The typical lifespan of a roof depends on the material used, the craftsmanship, and the severity of weather in your area. Home improvement site Angie’s List offers the following advice for determining if it’s time for replacement:
- Roof age. Most experts agree that a typical roof will last between 20 and 25 years. It also depends on whether the old roof was removed and you only have one layer of shingles, and if it is properly ventilated.
- Shingles curling and buckling. Shingles that are curled or buckling are another sign that you may need a new roof. Look at the roof slopes of your home that get direct sunlight and if you notice the shingles are curling and losing granules; it could mean the shingles are past their life expectancy. There could also be a possibility that the roof is defective. Contact a licensed roofing contractor to see if you could be eligible for reimbursement.
- Deteriorating roof valleys. Valleys are one of the most important areas of your roof. Snow and rain flow through valleys and into gutters. If the valley is compromised, you could be susceptible to roof leaks. If your roof shingles are falling apart or missing, especially in this area, a new roof will be on your horizon.
- Chimney flashing. If your flashing consists of roof cement or tar, it may need to be replaced with a long-term, water-tight fitting, which would be a metal flashing system.
- Shingle granules in the gutters. Look in your gutters to see whether they are filled with shingle granules. Roofs tend to lose more granules toward the end of their life cycle. Inconsistent or a darker color on some parts of the roof are other signs the granules have worn away.
- Daylight through the roof boards. Check your attic to see if there is any daylight coming through the roof boards, which could also be pathways for water. Also check for moisture in the insulation.
The best way to find reputable roofing contractors is by getting recommendations from neighbors, friends, or family who have had positive experiences. Never hire a roofer without checking the company’s license and ensuring it’s in active status by going to www.cslb.ca.gov. You can also see if there have been any actions taken against the license, as well as verify the company has workers compensation insurance to protect its workers when they are at your home.
While most people wait until selling their home to get a roof inspection, consider scheduling one every few years to get ahead of any issues and help avoid costly repairs, and possibly extend the life of your roof.
Avoid a Mechanics Lien
A mechanics lien is a legal claim against, or security interest in, your property that, if unpaid, allows a foreclosure action, forcing the sale of your home to satisfy any project debts. The lien claim is filed in a county recorder’s or clerk-recorder’s office by an unpaid contractor, subcontractor, supplier, or worker. The prime contractor has a direct, contractual agreement with the homeowner. If the contractor isn’t paid, he or she can sue on the contract and/or record a mechanics lien.

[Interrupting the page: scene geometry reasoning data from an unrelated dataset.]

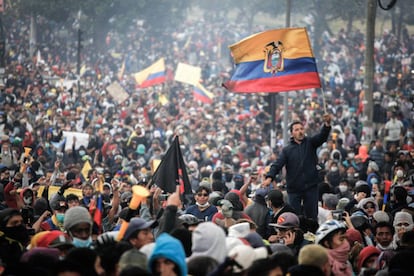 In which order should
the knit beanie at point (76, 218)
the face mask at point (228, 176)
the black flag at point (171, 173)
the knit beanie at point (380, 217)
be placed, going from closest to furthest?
the knit beanie at point (76, 218) < the knit beanie at point (380, 217) < the black flag at point (171, 173) < the face mask at point (228, 176)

But subcontractors, workers, and suppliers don’t have a contract with the homeowner. A problem can occur when the homeowner pays the prime contractor for all or some of the work, but the prime contractor fails to pay the laborers, subcontractors, and materials suppliers that were hired to do portions of the job.
Help avoid problems by getting a written contract for all work from the roofing company and make sure it includes:
- A schedule that demonstrates when specific construction activities will begin and end (such as roof tear off, material delivery, or roof installation) and the projected payments that are tied to the contract price of these activities.
- Identification of any subcontractors and workers who may be performing these construction activities. (Check their license, too.)
- Identification of suppliers who are providing materials necessary for the project.
- A “release of lien” clause. The direct (prime) contractor is required to get release signatures for you from the potential lien claimants.
You can also check with your local courthouse to see if the prime contractor has a history of litigation.